Kemal BURKAY
Görünen o ki, bir dönem Doğu Avrupa ülkelerinde değişime yol açan domino etkisi, şimdi İslam ülkelerinde yaşanıyor. Bu ülkelerde iktidar düne kadar, bir bölümüyle emir, şeyh gibi monarkların elinde, bir bölümüyle ise onları bir askeri darbeyle devirmiş ve yeni rejimin adını Cumhuriyet koymuş, gerçekte ise monarklardan farkları olmayan, iktidarı babadan oğula aktaran dikatörlerin elinde idi. Şimdi bu iktidarlar, ansızın kopan bir fırtınaya tutulmuş gibi peş peşe yıkılıp gitmekteler. Bunu sağlayan ise askeri darbeler, ya da uzun yıllar süren, örgütlü devrimci direnişler değil, spontane halk hareketleri. Peki şimdi bölgeyi sarsan bu halk hareketleri beklenmez türden mi idi? Başka bir deyişle, bu bir sürpriz mi?

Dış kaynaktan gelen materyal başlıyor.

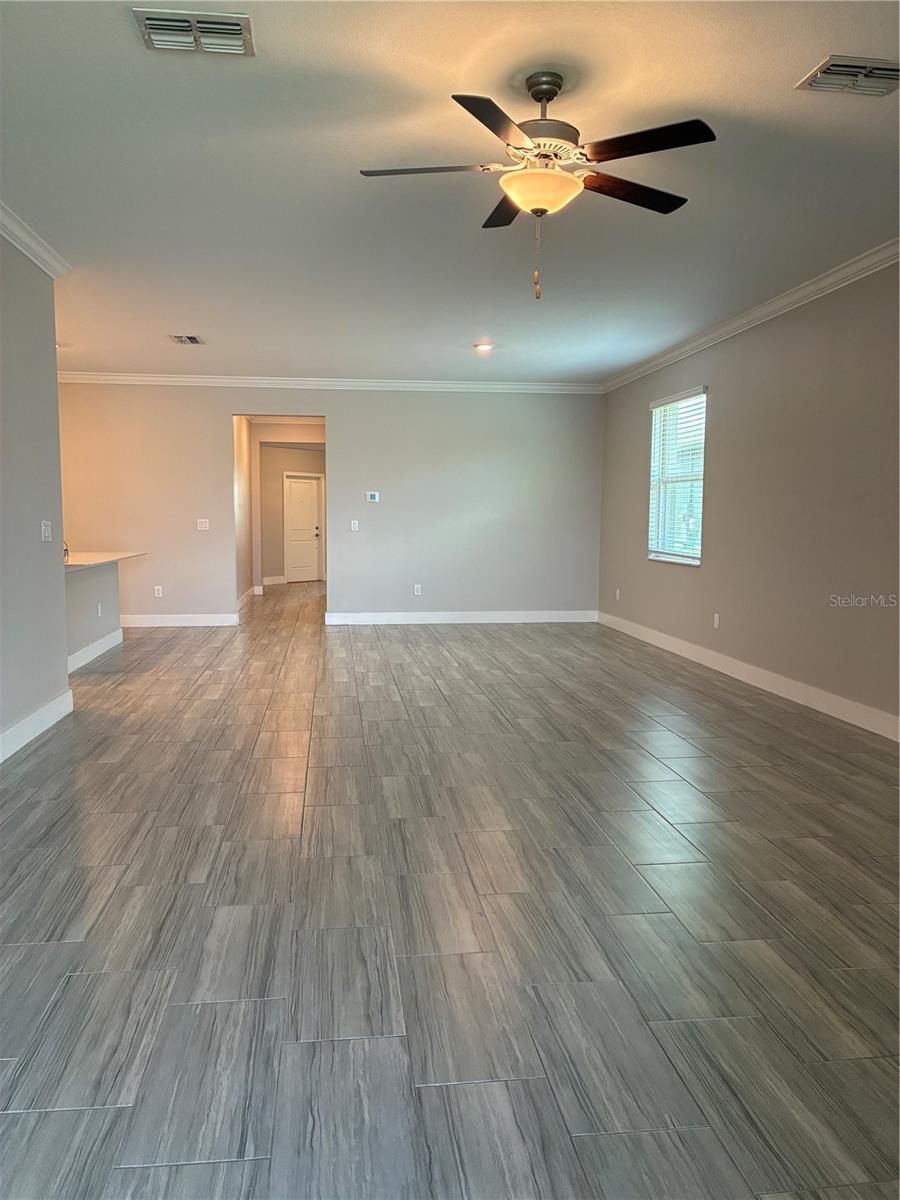 Image 6 of 27 For 9766 Campanula Court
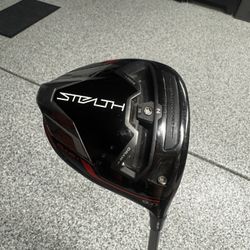 Taylormade Stealth Plus Driver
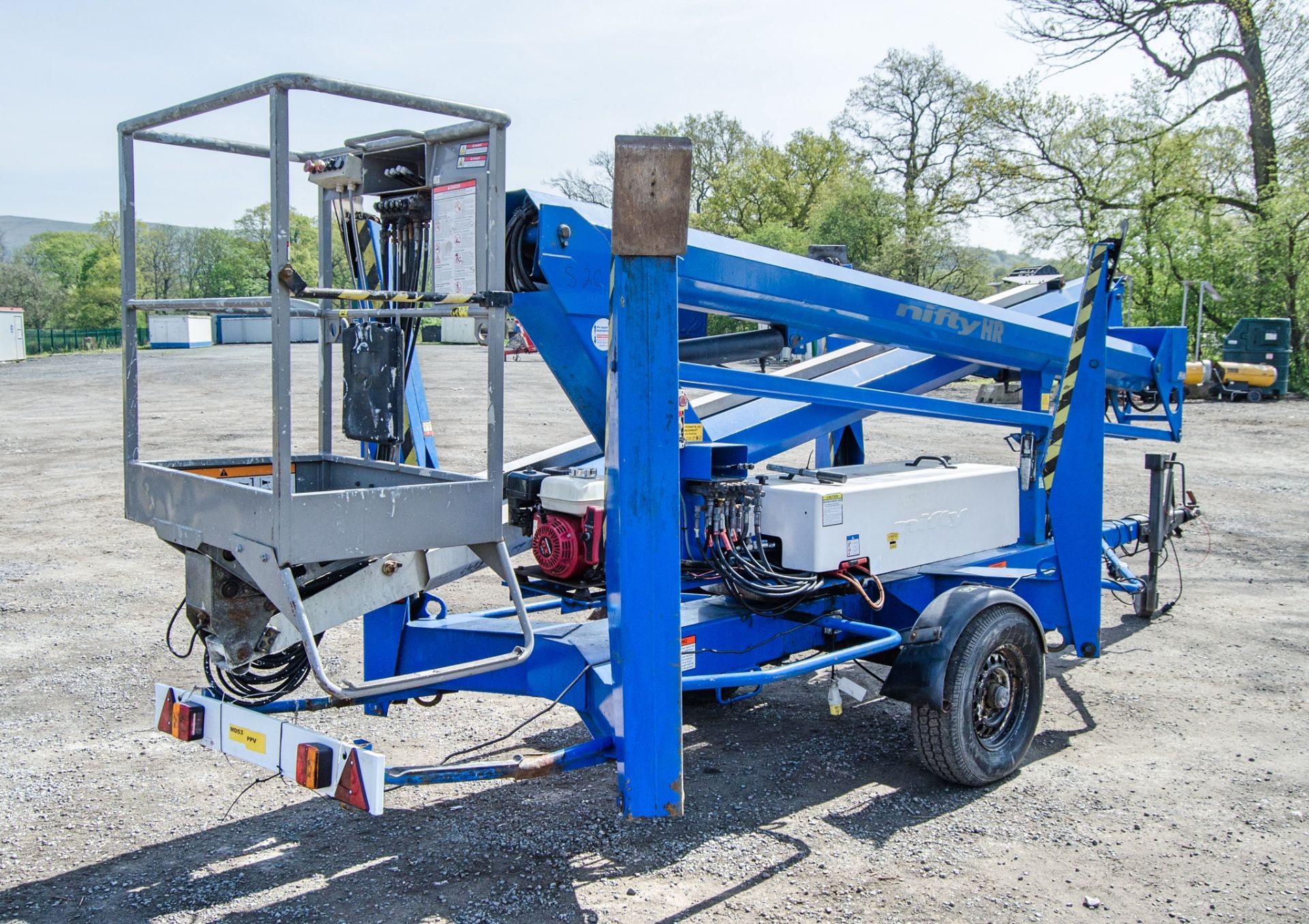 Nifty 170 HPE battery electric/petrol fast tow mobile articulated boom lift access platform Year: - Image 3 of 17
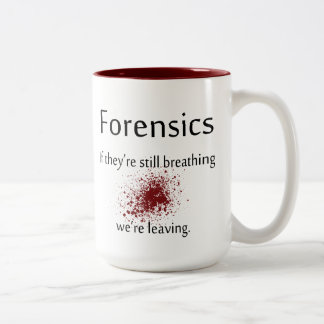 Caneca de café do forense
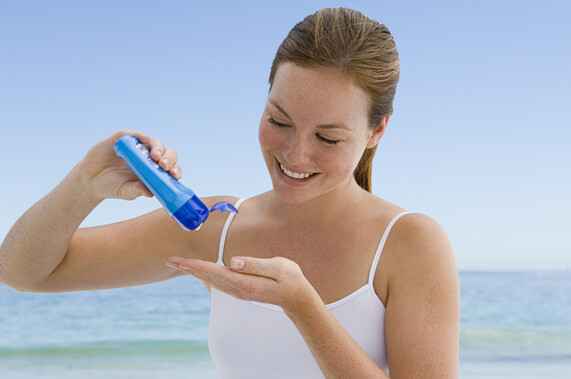 woman apply sunscreen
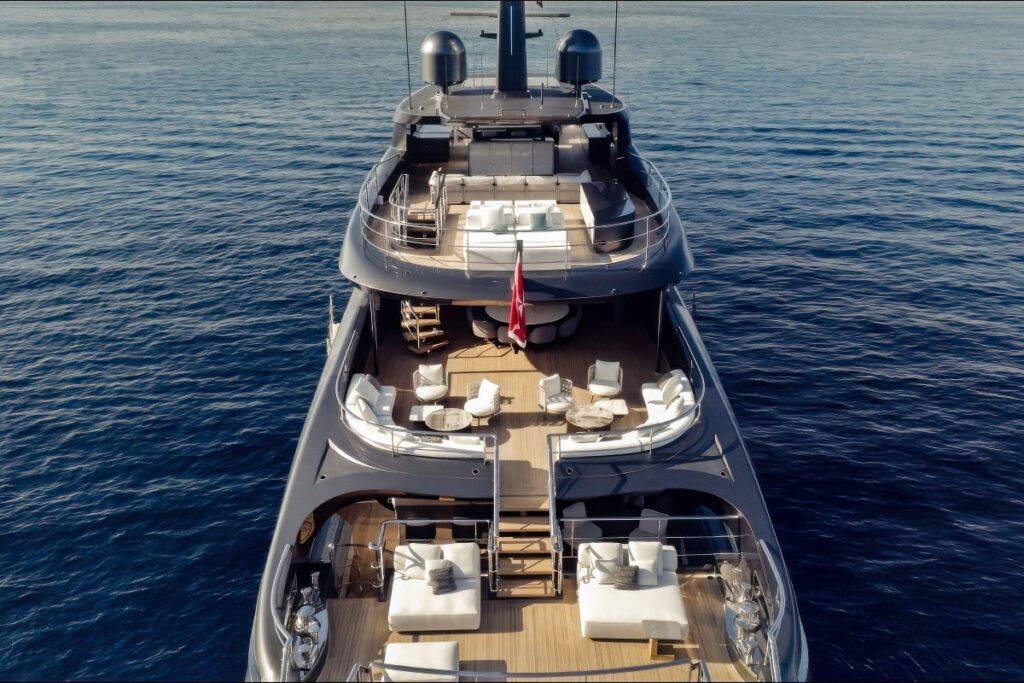 Bel1 yacht / Photo via Rossinavi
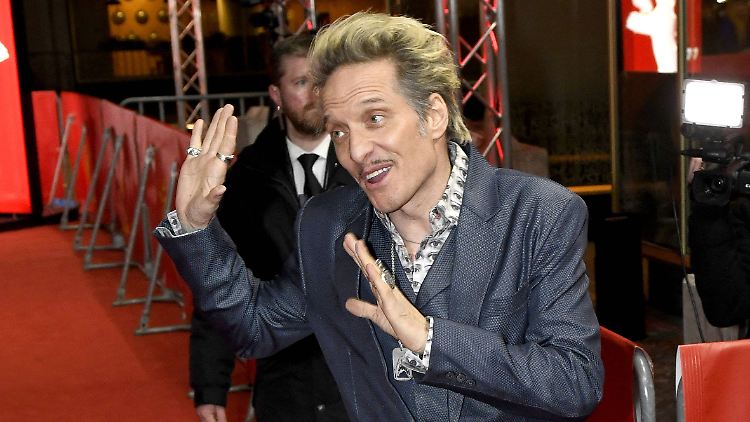 Bela B auf dem roten Teppich der Berlinale 2019, bei der Premiere von "M - Eine Stadt sucht einen Mörder".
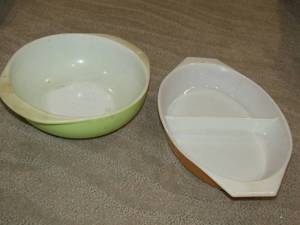 lot 87 image: Vintage retro Pyrex glass baking dishes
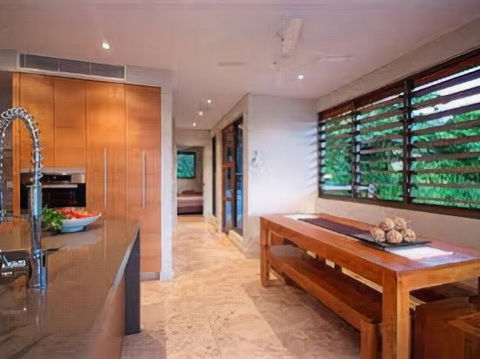 The Boutique Collection At 1 23 Murphy Street Port Douglas - Tourism Hervey Bay 2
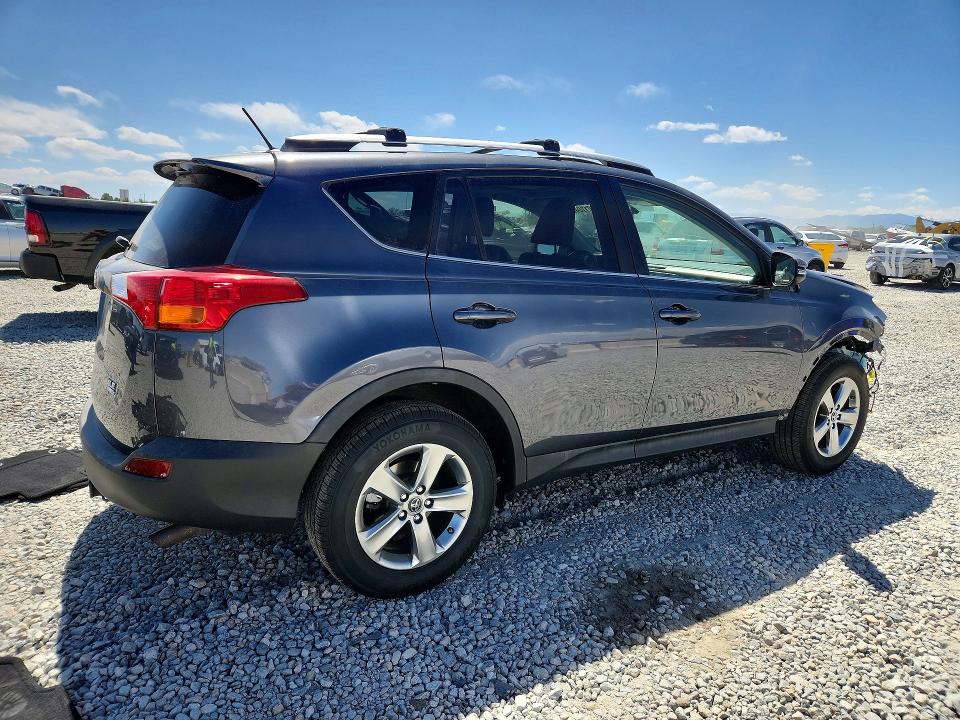 50110456 :رقم المزاد ، JTMRFREV7FD114108 vin ، 2015 Toyota Rav4 مزاد بيع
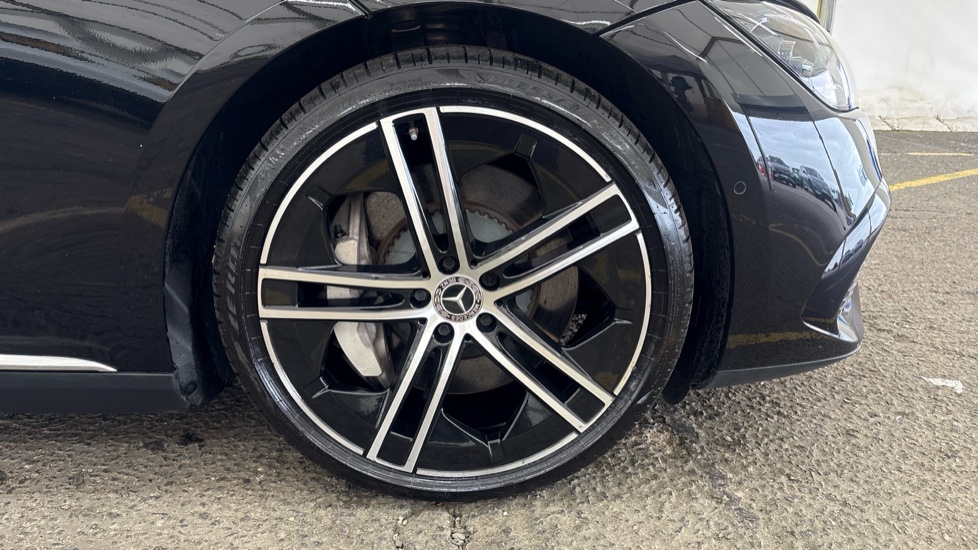 MERCEDES EQE Image 20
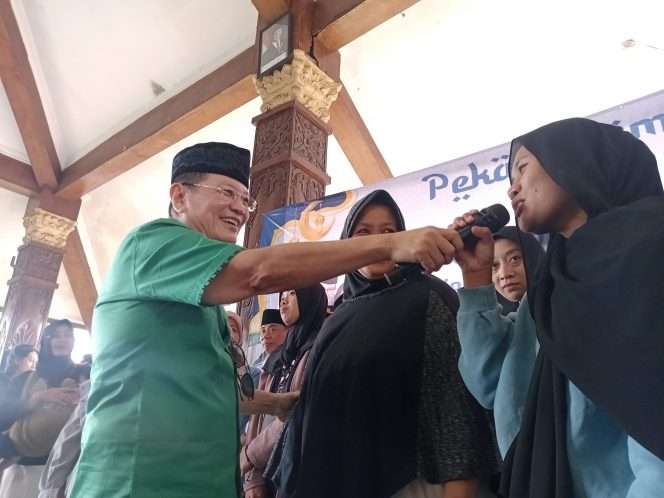
 Ibu-ibu pendamping tak mau kalah dengan anak-anak demi dapat hadiah. (ist)
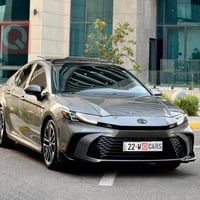 كامري XLE • هايبرد 2.5 • وارد امريكي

İktidara kazık çakma, ya da hanedan benzeri, babadan oğula yönetim devri kapanacak. Siyasal ve sosyal hakların sınırları genişleyecek. Bugünden yarına değil ama uzak da değil. İslam ülkeleri demokrasi tecrübesinde hızlı yol alacaklar.
İslam dünyası değişiyor
Aslında bu bir sürpriz değil ve olan biten de şaşırtıcı değil. Arap ya da İslam ülkeleri sosyal değişimin dışında değiller. Kendi payımıza biz, böyle bir değişim ihtimaline yıllar önce işaret etmiştik. Örneğin Kürdistan Sosyalist Partisi’nin 2002 yılı Aralık ayında toplanan 4. Yurtdışı Konferansı’nın sonuç bildirisinde, Türkiye’nin AB üyeliği konusu değerlendirilirken “İslam’la demokrasi bağdaşabilir” başlığı altında şöylesine ilginç bir değerlendirme yapılmıştı: “PSK 4. Yurtdışı Konferansı, Türkiye-AB ilişkilerini değerlendirdi. Konferansımız, Kopenhag Siyasi Kriterleri’ni tam olarak yerine getirme, demokratikleşme ve Kürt sorununun çözümü yönünde ciddi adımlar atma koşuluyla Türkiye’nin AB’ye katılmasından yanadır. Biz, Avrupa’da kimi çevrelerin AB’yi bir Hıristiyan kulübü olarak görme ve bu nedenle Türkiye’nin AB’de yer alamıyacağına ilişkin görüşlerine katılmıyoruz. Bizce önemli olan din farkı ya da coğrafi konum değil, Avrupa’nın demokratik değerleri, çoğulcu siyasal yaşamı ve çeşitli halkların bir arada yaşamasına olanak veren hoşgörüdür. İslam’la demokrasinin bağdaşabileceği kanısındayız. Hıristiyan dünyasının da uzunca bir dönem demokrasiden, düşünce ve bilim özgürlüğünden yoksun yaşadığını, engizisyonu ve kadının cadılıkla suçlanıp yakıldığı karanlık dönemleri unutmamalıyız. Hıristiyan dünyası köklü bir reform ve rönesansla değişime uğradı, etnik renklere bürünen nice kanlı boğazlaşmayı aşarak bugünlere geldi. İslam dünyası da değişebilir, yenilenebilir ve demokrasi bu ülkelerde de bir hayat tarzına dönüşebilir. İslam ülkelerinin de önümüzdeki on yıllarda böylesi köklü dönüşümler yaşamaları, diktatörlüklerden ve insan düşüncesini zincire vuran dogmalardan kurtularak çağdaş uygarlık kervanına katılmaları şaşırtıcı olmayacaktır. Bizce İslam dünyası böyle bir değişimin eşiğindedir. Türkiye bu alanda bir ilk olabilir. Ancak bu, dinsel alanda, demokrasiyle uzlaşmaya yol açacak bir reformun ve yenilenmenin yanı sıra, demokrasiyle bağdaşmayan, yıllardır her türlü demokratik adımın önüne bir engel olarak dikilen Kemalist dogmaların ve onun çoğulculuğu reddeden, toplumu tek kalıba dökmeye çalışan uzlaşmaz, zora dayalı anlayış ve uygulamalarının da terkini gerektirir. Biz, Türkiye’nin bu değişimi yaşayarak, demokratikleşerek, aynı zamanda -demokratikleşmenin ve iç barışın da bir koşulu olarak- Kürt sorununun çözümü yönünde ciddi adımlar atarak AB’de yer almasından yanayız.”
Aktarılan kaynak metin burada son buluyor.